From acl33@hermes.cam.ac.uk Mon, 3 Jun 2002 23:42:57 +0100
Date: Mon, 3 Jun 2002 23:42:57 +0100
From: Alan Lawrence acl33@hermes.cam.ac.uk
Subject: [CST-2] Graphics: Subdivision Schemes

Does anyone have any notes on the interpolating subdivision schemes (for 
2d or 3d)? i.e. what coefficients etc.....I remember him lecturing it 
but the notes don't have any info on these....

Cheers,

Alan

-----------------
This address may soon be terminated, please
use acl@cantab.net instead.






From pjt33@hermes.cam.ac.uk Tue, 4 Jun 2002 00:49:24 +0100 (BST)
Date: Tue, 4 Jun 2002 00:49:24 +0100 (BST)
From: Peter Taylor pjt33@hermes.cam.ac.uk
Subject: [CST-2] Graphics: Subdivision Schemes

> Does anyone have any notes on the interpolating subdivision schemes (for
> 2d or 3d)? i.e. what coefficients etc.....I remember him lecturing it
> but the notes don't have any info on these....

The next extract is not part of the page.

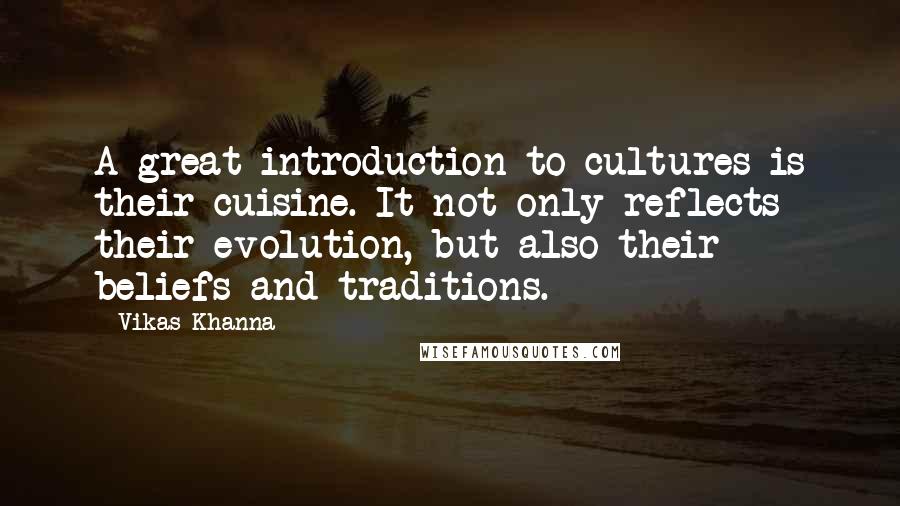 Vikas Khanna Quotes: A great introduction to cultures is their cuisine. It not only reflects their evolution, but also their beliefs and traditions.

There is a 2D subdivision scheme which he called "interpolation" - this has
weights (1) and (-1, 9, 9, -1).  The tensor product of this is Kobbelt.
Butterfly is also interpolating.

HTH,
Peter
=====
Peter Taylor
pjt33@cam.ac.uk






From jdjs2@cam.ac.uk Tue, 4 Jun 2002 09:16:57 +0100
Date: Tue, 4 Jun 2002 09:16:57 +0100
From: Jamie Shotton jdjs2@cam.ac.uk
Subject: [CST-2] Graphics: Subdivision Schemes

> 
> > Does anyone have any notes on the interpolating subdivision schemes 
> > (for 2d or 3d)? i.e. what coefficients etc.....I remember him 
> > lecturing it but the notes don't have any info on these....
> 
> There is a 2D subdivision scheme which he called 
> "interpolation" - this has weights (1) and (-1, 9, 9, -1).  
> The tensor product of this is Kobbelt. Butterfly is also 
> interpolating.

In the 1D case of the Kobbelt scheme (i.e. the "4 point method"), how do
you get a point between the first two vertices - do you have to assume
that p_(j-1) is zero?

Good luck everyone,
Jamie






From pjt33@hermes.cam.ac.uk Tue, 4 Jun 2002 17:33:32 +0100 (BST)
Date: Tue, 4 Jun 2002 17:33:32 +0100 (BST)
From: Peter Taylor pjt33@hermes.cam.ac.uk
Subject: [CST-2] As a matter of interest...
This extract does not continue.